With some 2 million molecules to screen, that process might have taken 40 years to complete by old methods, Sacchettini said. But it takes his lab just two weeks to process because Sacchettini and colleagues thought of a way to use university computers in off hours while they are not being used by students.
When a blocker is found, he added, the lab buys or makes the compound and creates another 3-D image "with the inhibitor bound to it and try to improve on it," he said. "No matter the disease, the process is always the same."
Repetitious but not boring, said Sacchettini whose enthusiasm extends to a 50-person team. On a recent visit to his lab, technicians and students bustled about like stock floor traders in an up market.
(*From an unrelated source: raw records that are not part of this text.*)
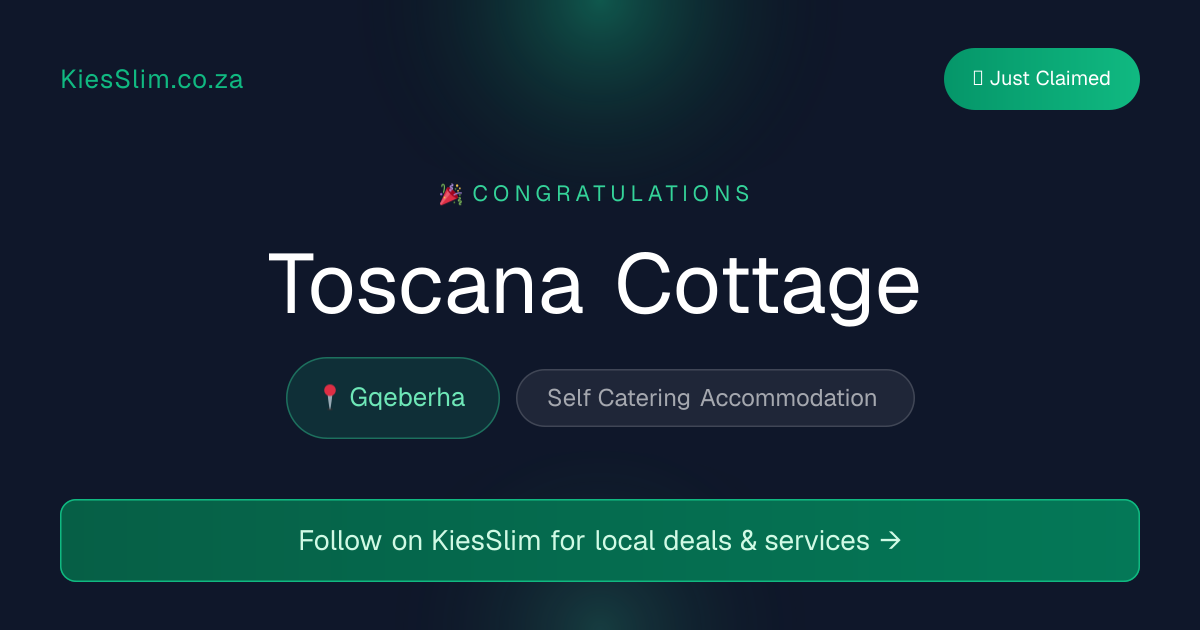 Toscana Cottage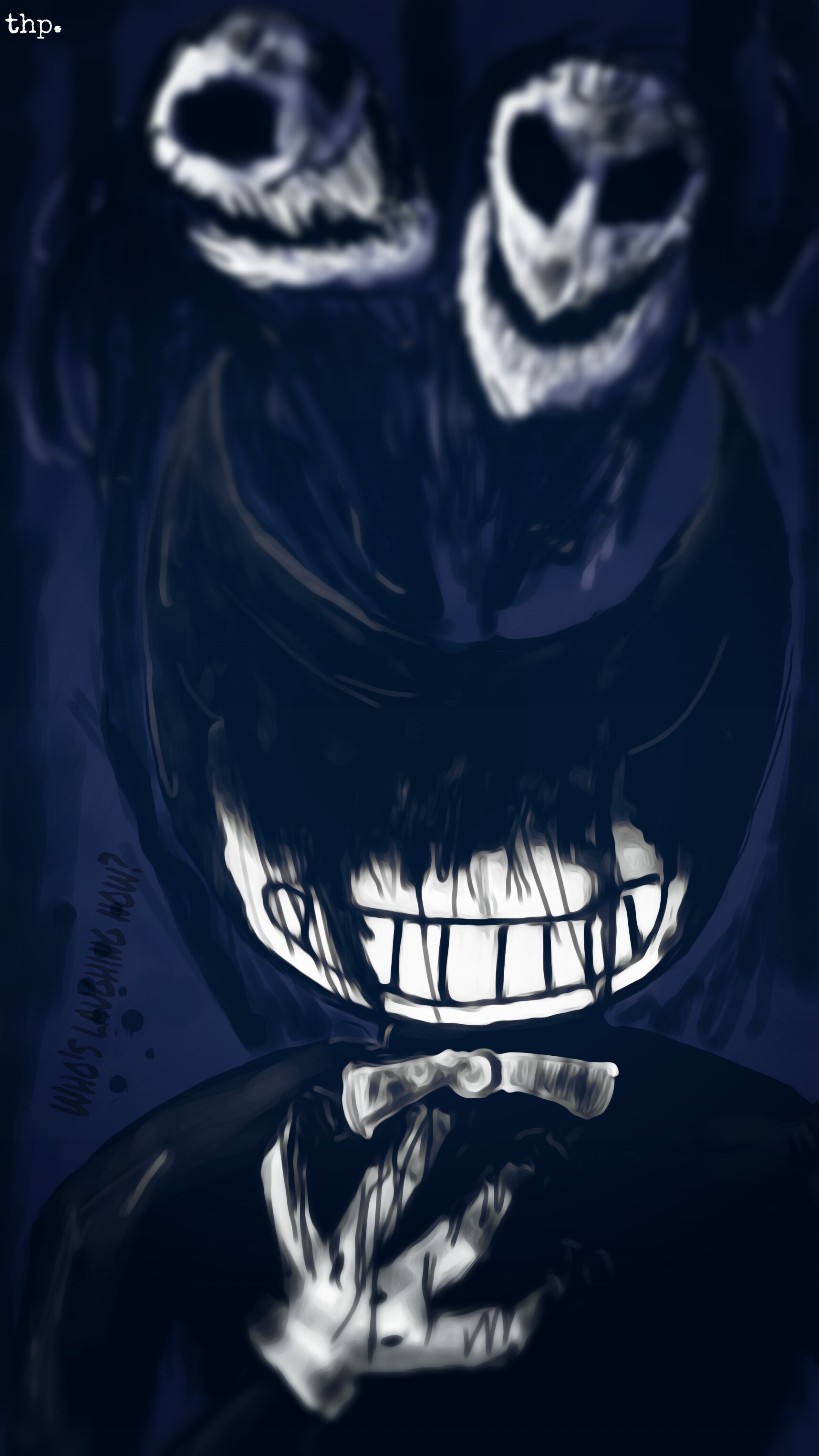 Woman Ink Demon Ink Demons by TheHorrorPainter on DeviantArt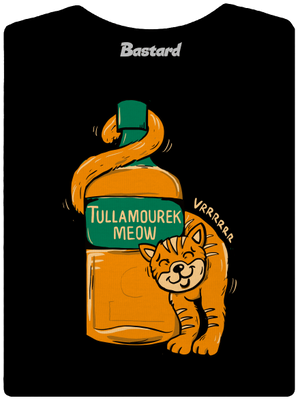 Tullamourek dámské tričko s lemem Black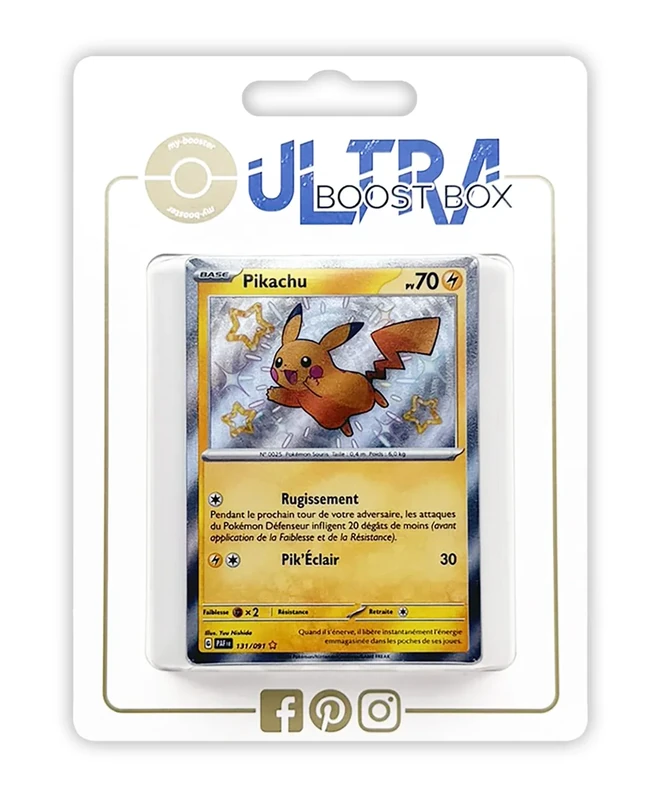 my-booster Pokémon Company SV045-FR-UB-131, Multi-Colour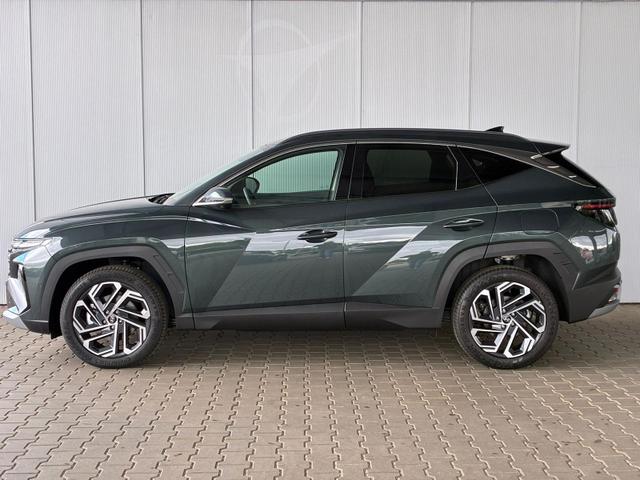 Hyundai TUCSON 1.6 T-GDI 6MT Luxury / Head Up 360&deg; Kam 4x Shz + Sitzbel&uuml;ftung vo. Leder E-Klappe 3 Zonen Alu 19" 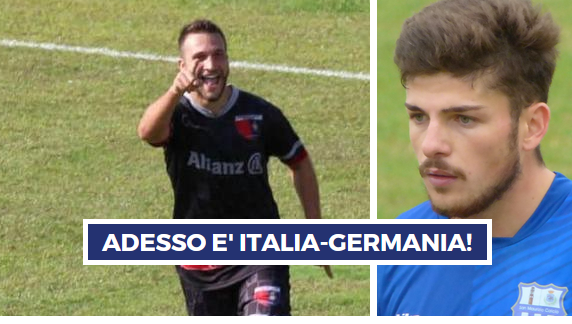 Samuele Arione e Carlos Torre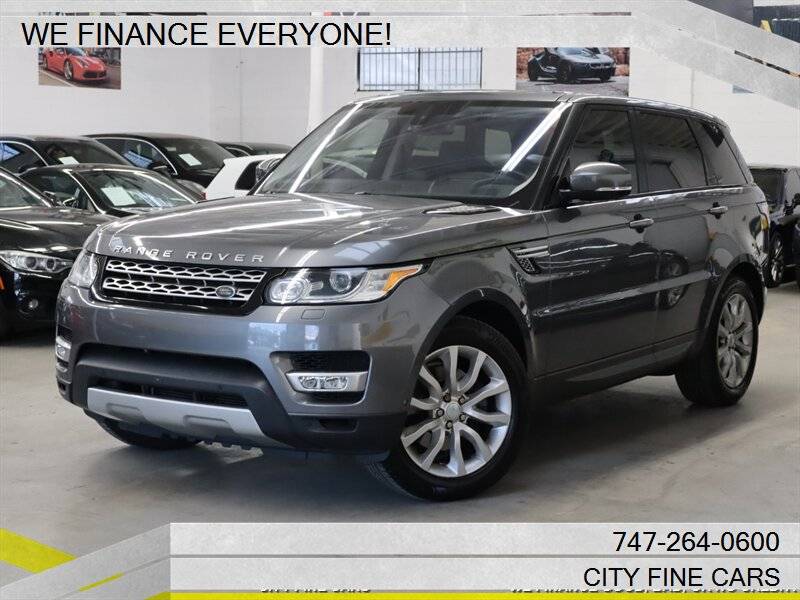 2016 Land Rover Range Rover Sport HSE — SUV — 71,570 mi — Panorma City, CA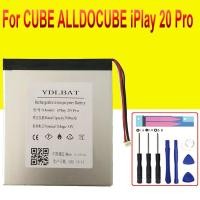 ราคา แบตเตอรี่สำหรับ CUBE ALLDOCUBE IPlay 20 Pro แท็บเล็ตพีซี Li-Po ชาร์จสะสมเปลี่ยน PQWM (19246449766)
"What's challenging or unusual, that's what keeps my job exciting," Sacchettini said. "Something that strikes you where you think you can make a difference."
In addition to TB and malaria, his team is studying drug design for Alzheimer's, type 2 diabetes and cancer.
"The challenge comes from the differences among proteins," he said. "If I think someone has never tried something, that's the drive for me to get into it.
"Sometimes we try an idea and it doesn't work, but being an academic means we have the freedom to try new ideas and approaches to solve a long-standing problem."
As for his career choice in college, Sacchettini first worked as a bartender.
"I could mix drinks without measuring," Sacchettini recalls. "Turns out that was perfect training for biochemistry."